Due to relative rotational movement between the shaft 16 and the hammer member 17, the balls 22 are caused to run along the sloping grooves in the surface of the shaft 16, in a known manner, and cause a longitudinal disengaging movement of the hammers from the anvils once each half revolution against the action of the spring 18. The greater the torque developed by the tool the greater the longitudinal movement of the hammer member 17 at each hammer blow.
This longitudinal movement is utilized to operate the valve 23 by means of a pin 23a being hit by the hammer member 17 when its longitudinal movement exceeds a predetermined value. The purpose and operation of this valve will be described later.
The driven shaft 21 has a tool holder 6 for receiving a variety of tools.
The rear part of the casing has a pistol-grip type handle 24 which houses a pair of double start and direction determining valves 25 and 26, operated alternatively by the rocker lever 27. The upper valve 25 is for counterclockwise rotation of the tool, and the valve 26 for clockwise rotation of the tool. The valves 25 and 26 are in two parts, forward valves 25a and 26a respectively, and rear valves 25b and 26b respectively, the rear valves for feeding the supply of air to appropriate inlet port of the motor for the direction of rotation required, while the forward valves are for connecting the inlet port not at that instant in use as such to the atmosphere to relieve pressure in front of the blades.
The valves 25 and 26 comprise sleeve 25c and26c, respectively, fitting in bores 25d and 26d, respectively. Annular grooves 25e and 26:: are formed in the bores and act to connect ports in the sleeves 25c and 26c with substantially vertical bores, one on each side of the valves, not shown, connecting with the clockwise and anti-clockwise inlet ports of the motor, respectively.
The inlet pressure air cavities 31 and 32 of the valves 25b and 26b are connected together and to the master control valve 33 by the passageway 34. The purpose and action of the valve 33 is described hereinafter. When, for example, valve 25 is operated, pressurized air enters the cavity 35 and passes to the annular grooves 25e and thus to the motor inlet port to give a counter-clockwise direction or rotation.
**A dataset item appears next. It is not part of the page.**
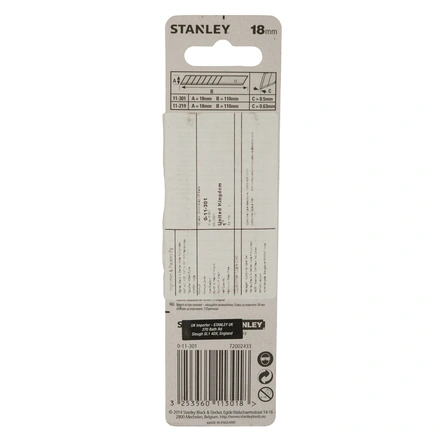 Lâmina Para X-Acto Stanley 18mm 0-11-301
Simultaneously, the inlet port of the motor for clockwise direction of rotation is connected to the atmosphere by the valve 25a, the air passing from the motor to the ports 36 to cavity 37, through the valve to cavity 38, passages 39 to the silencer 14 and thence to the atmosphere.
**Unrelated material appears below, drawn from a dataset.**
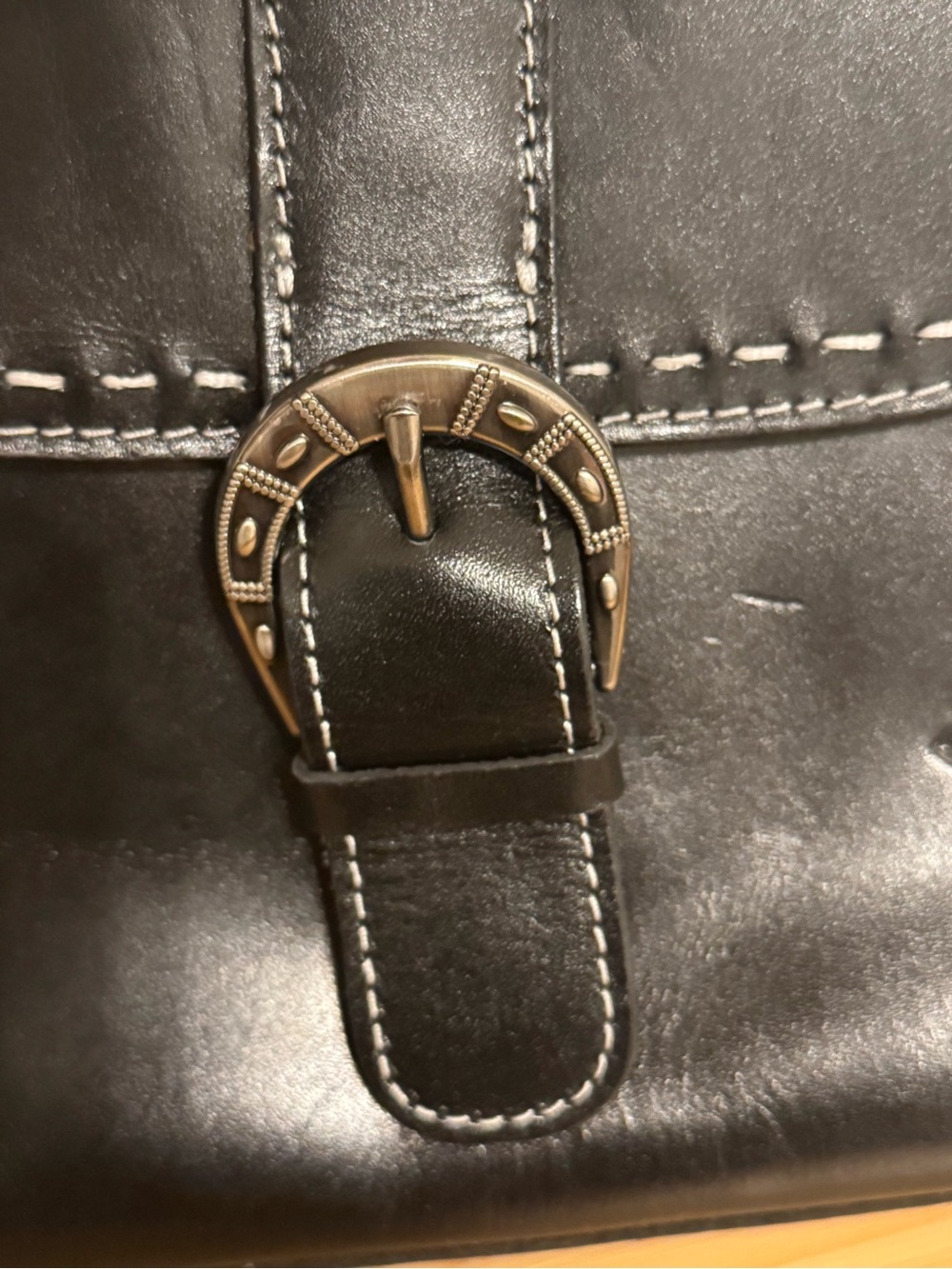Patricia Nash Black Top-Handle Leather bag - Picture 10 of 10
The operation of the valve 26 is similar in respect of valves 26a and 26b but gives the other direction of rotation.
The master control valve 33 comprises a plunger 40 having a valve head 41 at one end and a light helical spring 43 at the other, which initially holds open the valve. When air is supplied to the tool air passes down the annular space 47 and entering the spring chamber 44 balances the pressure on the head of the valve, and the valve remains open. When however the valve 23 is triggered and the spring chamber 44 is connected to the atmosphere the pressure drops and the valve closes, and will not open again to restart the motor until a finger is removed from the direction determining valve 26, and pressure allowed to build up in the spring chamber 44 by way of the leakage passages 45 and 46 and the valve is again opened. Thus, air passes to the passageway 34 by way of the annular space 47 and the valve 33, and is available for driving the motor 3 when either of the valves 25 or 26 is again operated.
Pressure in the chamber 44 is relieved by the valve 23 when operated by the hammer member 17 when the torque developed by the tool reaches a predetermined maximum value. When valve 23 opens the air in the chamber 44 passes out to atmosphere by way of the bore 48, and as a result the valve 33 closes and the motor stops.
it will, however, be observed that there is a bore 49 between the bore 48 opposite the end of valve 26b which is normally open, but is closed by the valve head 26g when the valve 26 is pressed. This bore 49 leads to the pressure cavity 32, so that when the bore is opened the action of the valve 23 to relieve the pressure in the spring chamber 44 is nullified, and the valve 33 remains open. When valve 26 is pressed, the bore 49 is closed and the valve 23 becomes operative to close the valve 33. This arrangement is necessary to ensure maximum torque output from the tool without automatic cut-off when the tool is used for retaining a fastener.
A portion of the driving shaft 16 of the hammer and anvil mechanism 5 is provided with a thread 50, which corresponds to the internal thread 51 on a maximum torque adjusting ring 52. The shaft 16 is also provided with splines 53 on which there is slidably fitted a collar 54. The spring 18 bears against a thrust ring 55, shaped, together with the collar 54, to receive the thrust balls 56. The collar 54 is provided with a spring and ball catch 57, which engages in one of a number of circumferentially spaced recesses in the side of the ring 52, so that the latter is retained in any one of a number of different circumferential positions as it is rotated on the thread on the shaft 16.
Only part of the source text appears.